The paper is:
The study was funded by NIH and the authors declare no conflicts of interest, so at first blush this would appear to be a poster child for reliable, unbiased research.
The research question is: If you take a group of folks who have had a stroke of one specific type (lacunar strokes, located in the lower portion of the brain and comprising about a quarter of all strokes caused by blood clots), will they do better in the future if you set a lower (less than 130) rather than a higher (130-149) target for controlling their blood pressure? To study this the research group enrolled about 1900 folks at 81 sites in North America, Latin America, and Spain and followed them for nearly 4 years. The local physicians used whatever medicines they wanted to try to reach the blood pressure goals; and the lower-pressure group did in fact achieve a lower blood pressure overall than the higher-target group (11 points difference).
If you listen to the authors of the paper, they'll tell you:
- While none of the results of the study were statistically significant, the so-called "trends" were in the direction of fewer strokes of all sorts, and fewer bad vascular events, in the lower-pressure-target group.
- The lower-pressure target group did not seem to have any more serious side effects from treatment.
- Other previous studies have tended to show benefits from lower blood pressure in similar populations
- Therefore, we should recommend setting the blood pressure targets lower for patients who have had a lacunar stroke.

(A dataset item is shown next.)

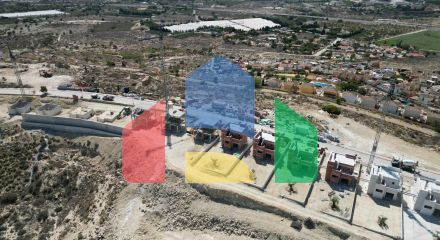 Строительство автономных вилл новой постройки, с частными бассейнами и современной отделкой.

- Since no results were statistically significant, that means the study failed to show any real benefit from the lower blood pressure target in these patients.
- Let's for a minute pretend that all the so-called "trends" were in fact statistically significant. We'd still have to ask how large the resulting differences were. It turns out that the differences are really tiny anyway--often in the fractions of a percentage point.
- If you are going to look at slight, nonsignificant trends, how about the slightly higher overall mortality rate in the lower blood pressure target arm of the study? Funny how the authors get so excited about "trends" that confirm their hypothesis, and yet ignore similar "trends" that go the wrong way.
If good scientists like this can publish results that are so little supported by their data, and a supposedly excellent journal lets them get away with it-- then what happens when to the natural enthusiasm of the research team, we add the incentives as well as the incredible monetary resources of the drug industry? You start to get a sense of how much misleading information can appear on the pages of the "best" medical journals, and how long it could take us to sort through it all and decide what's really best for patients.